TASK DETAILS:
After finding the line containing "Máy lọc không" below, please output that line and each following one through the line containing "Каблучка у золотому", exactly as written.

════════════════════

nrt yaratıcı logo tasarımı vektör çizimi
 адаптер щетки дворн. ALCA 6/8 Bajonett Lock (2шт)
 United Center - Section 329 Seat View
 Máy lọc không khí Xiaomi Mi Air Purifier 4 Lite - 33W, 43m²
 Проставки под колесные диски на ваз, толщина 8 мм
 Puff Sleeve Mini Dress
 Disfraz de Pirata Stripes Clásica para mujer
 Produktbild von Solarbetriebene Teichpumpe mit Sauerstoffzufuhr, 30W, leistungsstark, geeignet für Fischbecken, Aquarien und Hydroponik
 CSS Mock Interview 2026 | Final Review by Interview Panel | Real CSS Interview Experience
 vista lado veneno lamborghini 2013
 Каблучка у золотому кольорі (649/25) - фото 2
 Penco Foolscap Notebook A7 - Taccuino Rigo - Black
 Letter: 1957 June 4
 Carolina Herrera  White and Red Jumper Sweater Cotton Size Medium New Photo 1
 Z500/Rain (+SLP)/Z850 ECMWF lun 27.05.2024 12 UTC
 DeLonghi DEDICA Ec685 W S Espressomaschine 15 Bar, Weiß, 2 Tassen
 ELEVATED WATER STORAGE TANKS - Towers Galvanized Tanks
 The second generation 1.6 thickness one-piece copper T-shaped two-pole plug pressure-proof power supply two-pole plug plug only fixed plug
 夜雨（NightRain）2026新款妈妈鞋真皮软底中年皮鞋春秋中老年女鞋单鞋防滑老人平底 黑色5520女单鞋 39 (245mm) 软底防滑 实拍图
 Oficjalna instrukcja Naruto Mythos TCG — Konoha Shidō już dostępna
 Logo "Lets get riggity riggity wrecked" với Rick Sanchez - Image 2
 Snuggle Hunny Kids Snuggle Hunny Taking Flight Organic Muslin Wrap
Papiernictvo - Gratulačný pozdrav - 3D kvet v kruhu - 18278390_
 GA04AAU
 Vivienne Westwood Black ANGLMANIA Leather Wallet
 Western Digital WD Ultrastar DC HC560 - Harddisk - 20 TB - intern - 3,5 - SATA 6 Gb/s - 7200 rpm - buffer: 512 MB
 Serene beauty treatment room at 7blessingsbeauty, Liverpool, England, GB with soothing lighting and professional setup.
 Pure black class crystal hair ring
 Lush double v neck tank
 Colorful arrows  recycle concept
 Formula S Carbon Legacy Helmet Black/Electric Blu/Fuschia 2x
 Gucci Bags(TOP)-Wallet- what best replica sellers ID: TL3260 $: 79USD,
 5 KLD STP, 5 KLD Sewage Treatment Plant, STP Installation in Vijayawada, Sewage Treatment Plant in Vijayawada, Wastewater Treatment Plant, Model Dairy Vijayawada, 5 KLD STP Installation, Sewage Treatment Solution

════════════════════

EXERCISE RESPONSE:
 Máy lọc không khí Xiaomi Mi Air Purifier 4 Lite - 33W, 43m²
 Проставки под колесные диски на ваз, толщина 8 мм
 Puff Sleeve Mini Dress
 Disfraz de Pirata Stripes Clásica para mujer
 Produktbild von Solarbetriebene Teichpumpe mit Sauerstoffzufuhr, 30W, leistungsstark, geeignet für Fischbecken, Aquarien und Hydroponik
 CSS Mock Interview 2026 | Final Review by Interview Panel | Real CSS Interview Experience
 vista lado veneno lamborghini 2013
 Каблучка у золотому кольорі (649/25) - фото 2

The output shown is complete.